The BBC has the details.  These contain names one would expect, such as Andy Street, the CBI, and City UK.  There are also people who might prove counter-productive, especially since Tory MPs would be the key demographic.  Anything that Leo Varadkar thinks is good for Ireland isn’t necessarily good for the United Kingdom – or at that’s what some Brexiteer MPs will think, anyway.  But he’s on the list, as is Andy Burnham, another name that won’t necessarily swing the J Alfred Prufrock MPs of this world.

Then there are other names that are more of a mystery.  Why would Team May expect Mark Littlewood and the IEA to line up behind any deal?  After all, their star recent signing, Shanker Singham, is opposed to customs union membership.  ConservativeHome also has its moment in the sun, since our columnist Henry Newman, the director of Open Europe, is also listed.  All in all, the document has the air of an early draft.  Number Ten is denying its authenticity altogether.  None the less, someone, somewhere has been very keen to leak it.

The flip side of the positives would be the negatives: in the event of a deal, Downing Street will hope that the above stress the downside of rejecting a deal – the uncertainties of No Deal.  It would in effect be co-ordinating Project Fear Three.  We all remember Project Fear One from the EU referendum.  We are currently seeing Project Fear Two, of which Project Fear Three would be an iteration.  The irony is that there is good reason to be concerned about No Deal.  But the boy may have cried “Wolf” at least once too often.

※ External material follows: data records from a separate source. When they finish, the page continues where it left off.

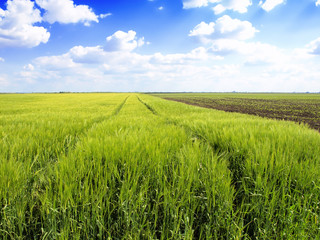 Obraz premium Wheat field against a blue sky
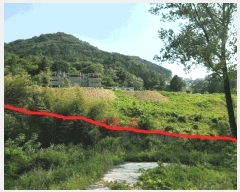  2025Ÿ��32624 ���� ��籺 ����� �е��� 707      ����(����)���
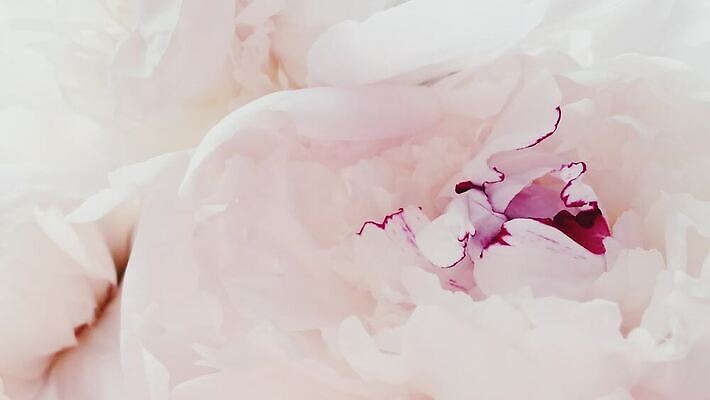 식물 꽃잎 꽃 분홍색 꽃다발 결혼 백그라운드 컨셉 꽃무늬 자연 휴가 발렌타인데이 사랑 이벤트 사람없음 장식 유행 정원 낭만 수확 벚꽃 흰색 화려 개화 고급 즐거움 내추럴 창백 작약 파스텔톤 브랜딩 미니멀리스트 4K MOV 해외동영상 클립영상 감정 컬러 무늬 농업 데이이벤트 생태계 동영상 파일형식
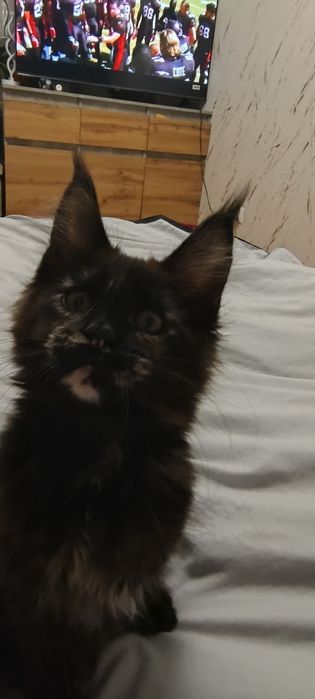 Kotka Maine coon do hodowli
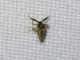 Biting Midge (Ceratopogonidae sp)
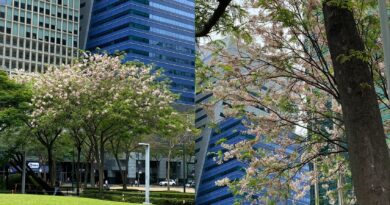 Cherry blossoms bloom in BGC, soon along Pasig River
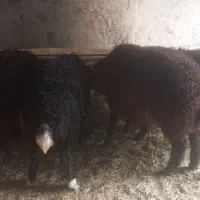 فروش بره پای پروار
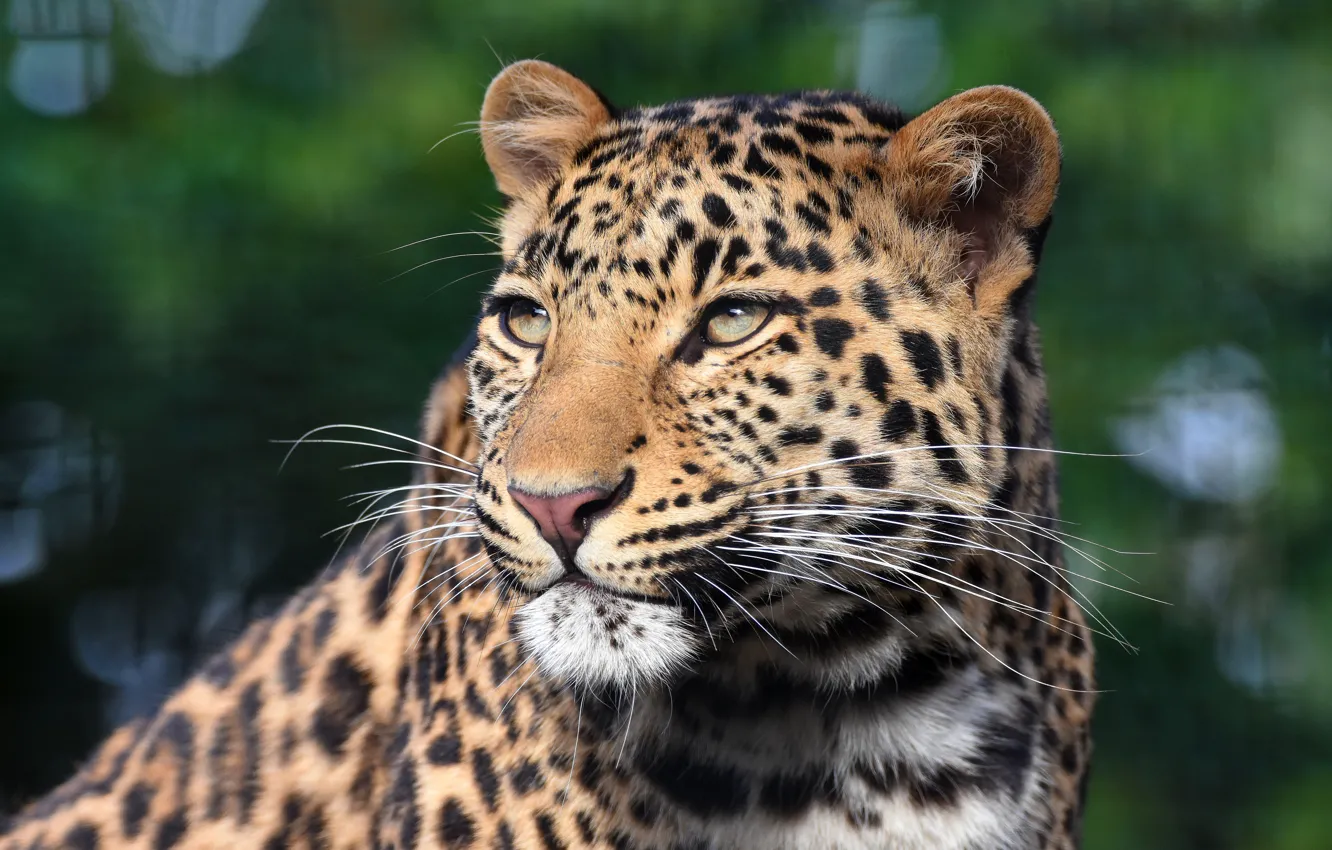 Photo wallpaper look, face, background, portrait, leopard, handsome, bokeh
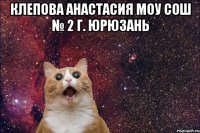 Клепова Анастасия МОУ СОШ № 2 г. Юрюзань 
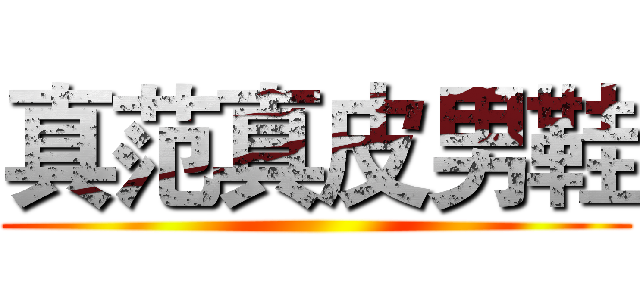 真范真皮男鞋 ()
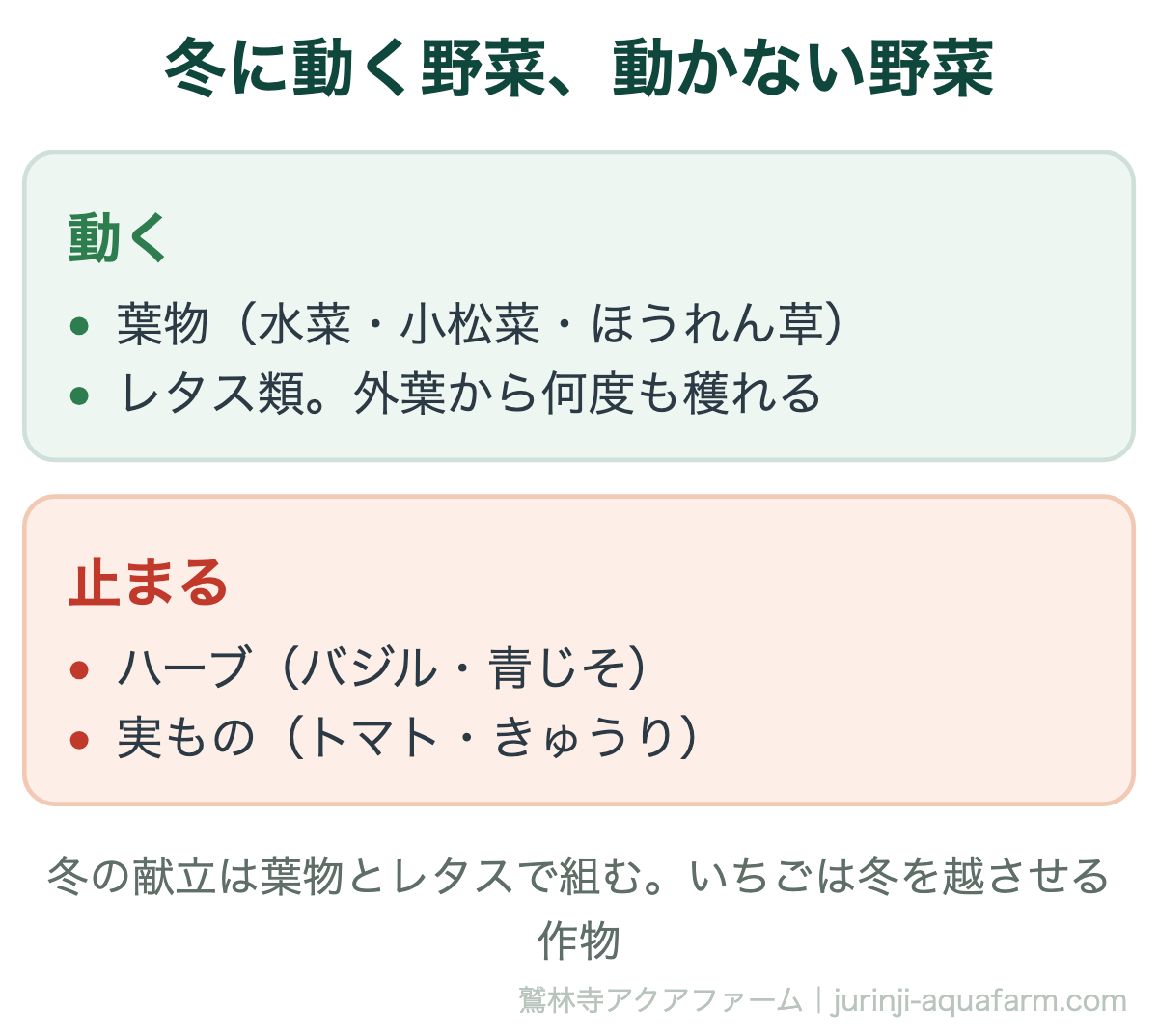 冬のアクアポニックス・水耕栽培で動く野菜は水菜・小松菜・ほうれん草などの葉物とレタス類、止まる野菜はバジルや青じそなどのハーブとトマトやきゅうりなどの実もの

As the failure of Cameron’s plan indicates.  Its best-known face was Barack Obama, deputed to say that, in the event of a Brexit vote, Britain would go to “the back of queue” for any trade deal with America.  “The purveyors of the conventional wisdom decreed that it could be a knockout blow for the Leave campaign.  And yet it was not,” writes Tim Shipman in All Out War.  At Vote Leave headquarters, Dominic Cummings “walked into the main campaign war room and announced: ‘This will have no effect’ “.  He was right.

Intriguingly, the leaked document’s timetable is much the same as that we tentatively anticipated on Monday – ” ‘A moment of decisive progress’ will be announced this Thursday. Raab to announce,” it declares.  (Historical footnote: that’s the same Dominic Raab who said, in the wake of Obama’s intervention, that “I don’t think the British people will be blackmailed by a lame duck US President”.)

Number Ten would do better to put any deal that the Cabinet agrees to Conservative MPs straight-up, without any varnish.  An early reading of America’s mid-term elections results, coming in as we write, is that the Republicans have done better than expected.  Donald Trump’s staying power is a reminder that the era of New Labour-type spin is dead and buried.